ぼくたちの好きな戦争

  • 今日こそ早く帰宅するぞと意気込んで机の上を片づけていると、上司が「仕事の都合で行けなくなったので、もし良かったら行く?」と芝居のチケットを呉れた。
  • おおおおおっ、ベルトルト・ブレヒトの『母・肝っ玉とその子供たち』ぢゃねえか! 家で待つ新妻には悪いが、喜んでチケットを「無料で」譲り受け、西宮の兵庫県立芸術文化センター*1の中ホールに赴く。
  • 私たちの大好きな「戦争」の相を、ブレヒトは克明に描く。冒頭に登場する曹長の台詞から、一気に舞台に引き込まれる。それは云うならば、まるで平野耕太の『ヘルシング』の戦争賛歌のようだ。

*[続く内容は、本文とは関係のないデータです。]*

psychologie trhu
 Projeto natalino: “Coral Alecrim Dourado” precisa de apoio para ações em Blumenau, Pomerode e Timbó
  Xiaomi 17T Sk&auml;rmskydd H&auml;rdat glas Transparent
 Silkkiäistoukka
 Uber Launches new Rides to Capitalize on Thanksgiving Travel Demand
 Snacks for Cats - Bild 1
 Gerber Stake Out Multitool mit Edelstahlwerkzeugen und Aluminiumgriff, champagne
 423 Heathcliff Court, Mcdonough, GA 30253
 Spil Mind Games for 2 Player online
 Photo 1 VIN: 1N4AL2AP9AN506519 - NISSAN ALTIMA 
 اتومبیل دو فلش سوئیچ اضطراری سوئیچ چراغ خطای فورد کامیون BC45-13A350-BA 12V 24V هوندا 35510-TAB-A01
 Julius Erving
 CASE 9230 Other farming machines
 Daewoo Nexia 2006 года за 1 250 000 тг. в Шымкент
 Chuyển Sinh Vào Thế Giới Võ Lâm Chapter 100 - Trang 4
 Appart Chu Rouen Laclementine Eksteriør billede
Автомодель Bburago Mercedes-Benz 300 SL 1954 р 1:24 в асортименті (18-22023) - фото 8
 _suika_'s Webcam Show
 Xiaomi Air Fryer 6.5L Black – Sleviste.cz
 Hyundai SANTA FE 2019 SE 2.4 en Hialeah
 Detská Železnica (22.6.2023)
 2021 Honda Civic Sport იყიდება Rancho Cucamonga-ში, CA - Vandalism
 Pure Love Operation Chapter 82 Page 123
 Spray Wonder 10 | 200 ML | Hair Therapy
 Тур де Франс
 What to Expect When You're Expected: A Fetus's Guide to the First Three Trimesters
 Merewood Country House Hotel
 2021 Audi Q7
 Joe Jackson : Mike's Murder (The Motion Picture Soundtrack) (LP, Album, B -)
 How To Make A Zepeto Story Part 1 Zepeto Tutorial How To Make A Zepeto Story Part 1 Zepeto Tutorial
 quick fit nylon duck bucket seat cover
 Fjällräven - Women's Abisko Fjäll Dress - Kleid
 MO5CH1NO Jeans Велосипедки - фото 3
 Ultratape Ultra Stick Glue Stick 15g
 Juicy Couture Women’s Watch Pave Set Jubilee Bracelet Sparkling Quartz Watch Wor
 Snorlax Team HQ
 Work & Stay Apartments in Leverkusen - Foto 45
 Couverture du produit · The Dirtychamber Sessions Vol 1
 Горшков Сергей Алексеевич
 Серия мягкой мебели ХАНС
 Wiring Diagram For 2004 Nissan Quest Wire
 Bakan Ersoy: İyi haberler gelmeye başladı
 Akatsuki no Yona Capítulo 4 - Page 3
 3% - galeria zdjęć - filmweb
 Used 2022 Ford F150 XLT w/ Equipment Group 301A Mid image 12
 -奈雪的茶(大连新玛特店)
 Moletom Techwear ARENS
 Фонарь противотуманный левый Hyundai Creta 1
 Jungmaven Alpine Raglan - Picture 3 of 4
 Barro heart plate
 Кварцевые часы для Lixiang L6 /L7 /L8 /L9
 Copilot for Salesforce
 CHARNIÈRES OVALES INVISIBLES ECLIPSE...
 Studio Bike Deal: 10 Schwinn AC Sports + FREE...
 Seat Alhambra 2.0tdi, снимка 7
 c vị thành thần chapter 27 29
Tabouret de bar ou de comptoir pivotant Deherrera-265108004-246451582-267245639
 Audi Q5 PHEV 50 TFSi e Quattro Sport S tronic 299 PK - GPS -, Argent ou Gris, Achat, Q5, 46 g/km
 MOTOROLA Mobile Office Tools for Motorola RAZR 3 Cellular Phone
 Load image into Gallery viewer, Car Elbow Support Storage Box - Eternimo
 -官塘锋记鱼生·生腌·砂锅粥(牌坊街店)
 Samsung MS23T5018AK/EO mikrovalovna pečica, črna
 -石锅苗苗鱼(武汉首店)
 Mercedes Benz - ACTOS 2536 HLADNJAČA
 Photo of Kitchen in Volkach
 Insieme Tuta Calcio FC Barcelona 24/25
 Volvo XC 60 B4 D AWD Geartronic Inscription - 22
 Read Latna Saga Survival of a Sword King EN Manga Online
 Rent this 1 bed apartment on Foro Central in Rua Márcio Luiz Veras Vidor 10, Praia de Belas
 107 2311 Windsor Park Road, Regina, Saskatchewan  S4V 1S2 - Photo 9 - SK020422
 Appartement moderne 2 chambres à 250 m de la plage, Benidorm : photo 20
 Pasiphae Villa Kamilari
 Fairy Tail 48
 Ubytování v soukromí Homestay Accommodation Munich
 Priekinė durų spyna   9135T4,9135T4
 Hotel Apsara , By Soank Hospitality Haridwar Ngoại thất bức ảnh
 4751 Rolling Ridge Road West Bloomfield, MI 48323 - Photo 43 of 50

「平和ってものは実に出鱈目なもんだ、戦争になって初めて秩序ってものが生まれるんだ。平和な時代には、人間はやりたい放題だ。人間も家畜もそこらじゅうでどんどんはびこる。(中略)この先の町には、若者がどれだけ、馬がどれだけいるかなんてことを知ってる人間はひとりもいねえ。数えたこともないんだな。俺は七十年もまるっきり戦争のなかった地方に行ったことがあるが、そこに住んでる連中には名前もないんだぞ。自分の名前を知らないんだ。戦争をやってるところに行けば、ちゃんとした帳簿があり、記録があって、靴は何箱、穀物は何袋と整理され、人間も家畜もきちんと数をかぞえて移動させるもんだ。それというのも秩序がなけりゃ戦争はできない!ってことをみんなが知ってるからさ。(中略)戦争も初めはそう簡単には起こせない。だが、いったん景気がよくなったら、後はずっと長持ちするのさ。こうなったら連中は平和と聞いただけでぎょっとするようになる。さいころ博打をやる奴がやめるのを怖がるようなもんだ、やめるとなったら負けた分は払わなきゃならんからな」(訳・岩淵達治*2

  • ぶはははは。全篇がこの調子だ。単純な反戦劇などではない。「呑む・撃つ・姦る」がやり放題の愉しい戦争、兵站線が維持できなくなればすぐに崩壊してしまう哀れな戦争、泡銭を掴ませてくれる豪気な戦争、じぶんの大切なひとがあっけなくくたばる戦争……それら戦争の総ての相貌を、スピーディーな展開と音楽でズバズバと繋いでゆく。
  • 戦場と軍隊の移動に付き従って動き、あれこれ物を売り捌いている肝っ玉と呼ばれる女行商人を演じる大竹しのぶ、料理人を演じる福井貴一など、役者陣は粒ぞろい。その中でも特に、肝っ玉が可愛がっている唖の娘カロリンを演じた中村美貴が抜群だった。
  • ブレヒトなんてもう古い。などと思っていたじぶんを大いに恥じた。

*1:http://www.gcenter-hyogo.jp/

*2:ちなみに実際の舞台では谷川道子の訳が使われていた。大変良い翻訳だったと思う。